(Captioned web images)
==========

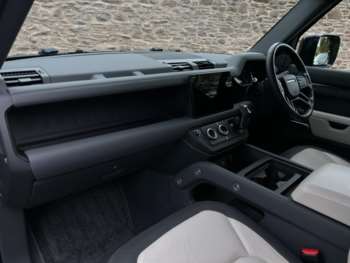 Used Land Rover Defender 110 2023 for sale - 74849876: Photo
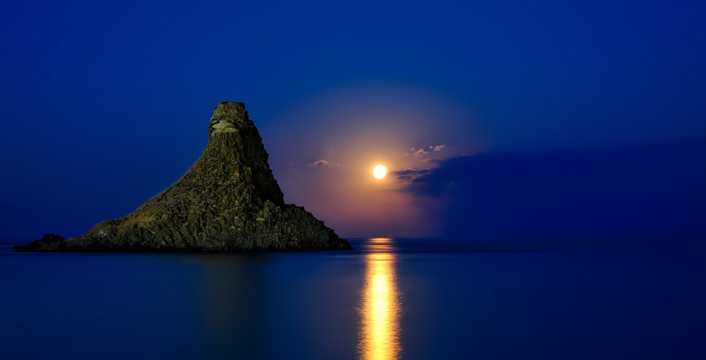 西西里海岛夜色图片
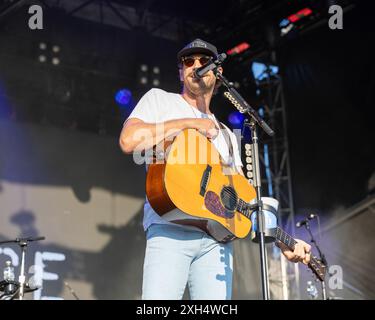 Chicago, États-Unis. 11 juillet 2024. Chase Rice pendant le Windy City Smokeout Music Festival au United Center le 11 juillet 2024, à Chicago, Illinois (photo de Daniel DeSlover/Sipa USA) crédit : Sipa USA/Alamy Live News Banque D'Images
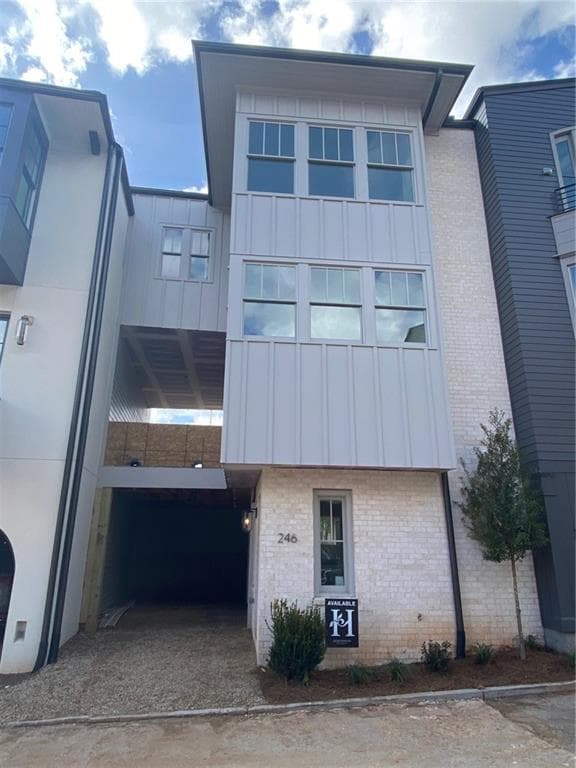 3 bedroom, 4 bathroom townhouse sold at 246 Colebrook Street 7, Atlanta, GA 30307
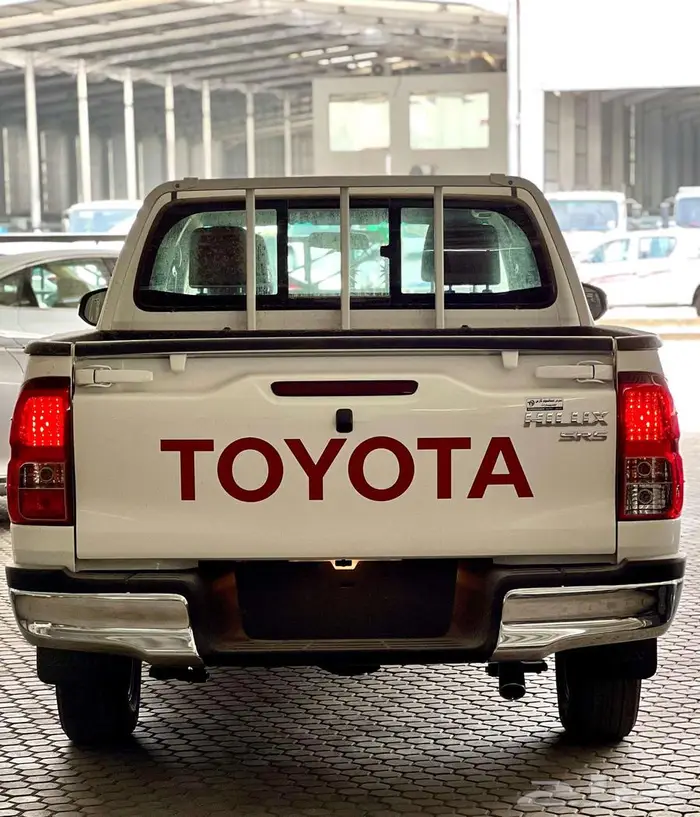 هايلوكس غمارتين اوتوماتيك جنوط بنزين كويتي 2025 3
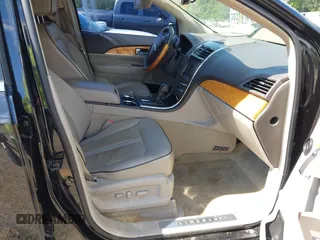 2015 Lincoln MKX z VIN 2LMDJ6JK2FBL24933, wystawiony jako IAAI lot #42227883 z przebiegiem 145 072 mil mil oraz . Historia ofert i sprzedaży dostępna na DreamBid. Obrazek 5.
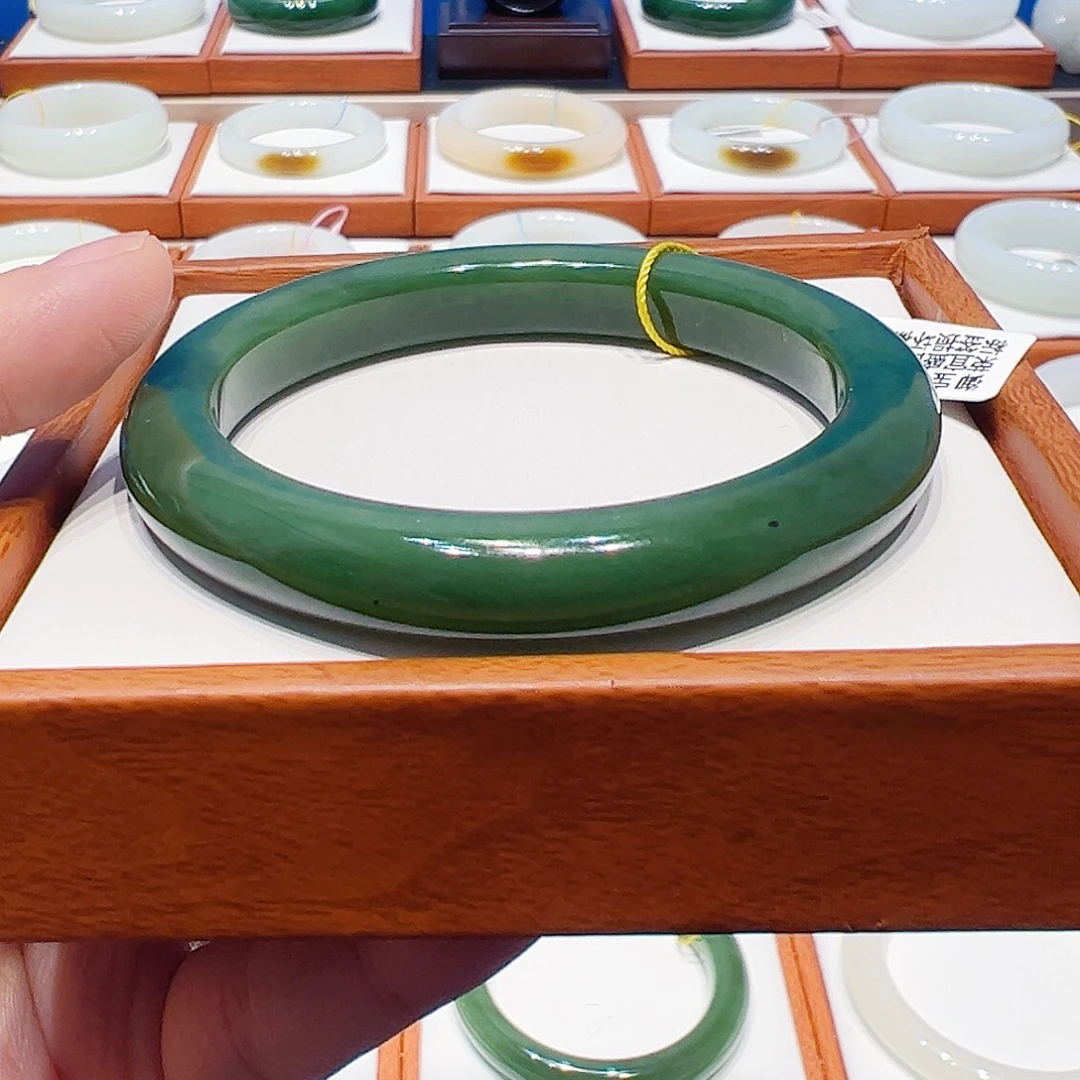 和田玉未镶嵌手镯碧玉5859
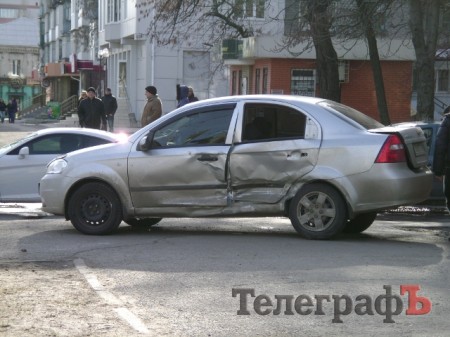 В центре Кременчуга столкнулись Lexus и Chevrolet
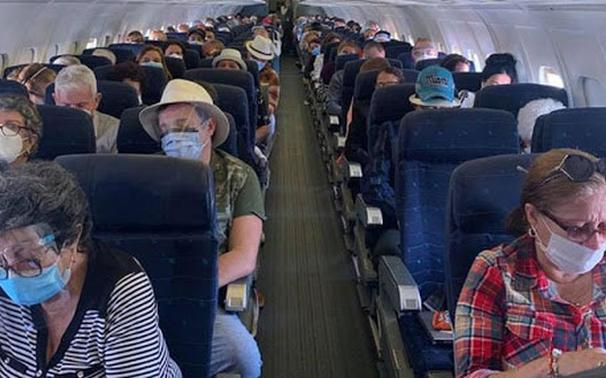 Los consulados, junto a las Asociaciones de Cubanos Residentes en el Exterior, continúan brindado atención y apoyo a quienes quedaron retenidos en otras regiones por la pandemia, añadió el jefe de la diplomacia de la Isla.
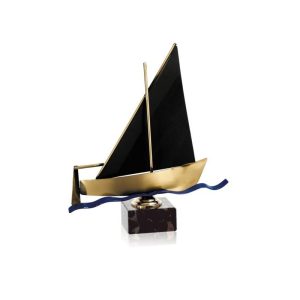 ESCULTURA TROFEO DE VELA LATINA DE LATÓN. 3 T.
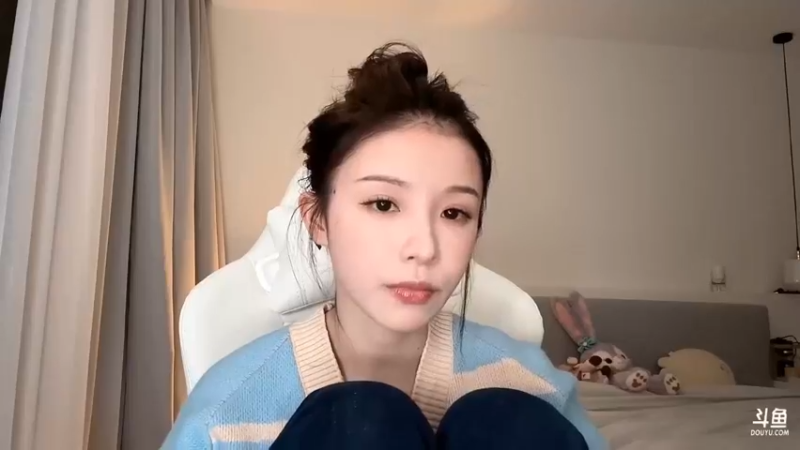 美女二珂今天打扮好休闲好可爱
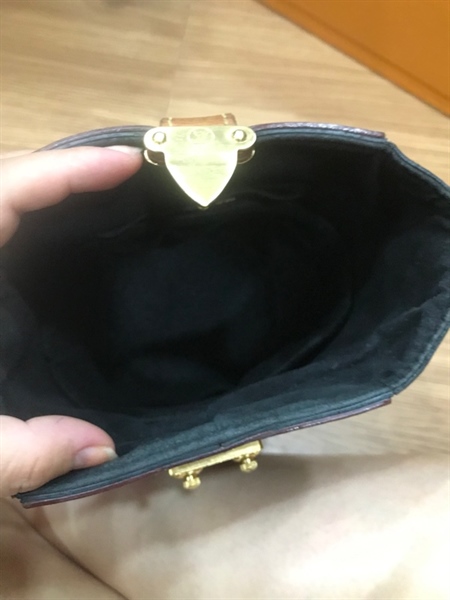 Túi trụ LV hoa nâu+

==========

Apart from the pictures, repeat the data above exactly.

* [Response to the exercise]
 Used Land Rover Defender 110 2023 for sale - 74849876: Photo
 西西里海岛夜色图片
 Chicago, États-Unis. 11 juillet 2024. Chase Rice pendant le Windy City Smokeout Music Festival au United Center le 11 juillet 2024, à Chicago, Illinois (photo de Daniel DeSlover/Sipa USA) crédit : Sipa USA/Alamy Live News Banque D'Images
 3 bedroom, 4 bathroom townhouse sold at 246 Colebrook Street 7, Atlanta, GA 30307
 هايلوكس غمارتين اوتوماتيك جنوط بنزين كويتي 2025 3
 2015 Lincoln MKX z VIN 2LMDJ6JK2FBL24933, wystawiony jako IAAI lot #42227883 z przebiegiem 145 072 mil mil oraz . Historia ofert i sprzedaży dostępna na DreamBid. Obrazek 5.
 和田玉未镶嵌手镯碧玉5859
 В центре Кременчуга столкнулись Lexus и Chevrolet
 Los consulados, junto a las Asociaciones de Cubanos Residentes en el Exterior, continúan brindado atención y apoyo a quienes quedaron retenidos en otras regiones por la pandemia, añadió el jefe de la diplomacia de la Isla.
 ESCULTURA TROFEO DE VELA LATINA DE LATÓN. 3 T.
 美女二珂今天打扮好休闲好可爱
 Túi trụ LV hoa nâu+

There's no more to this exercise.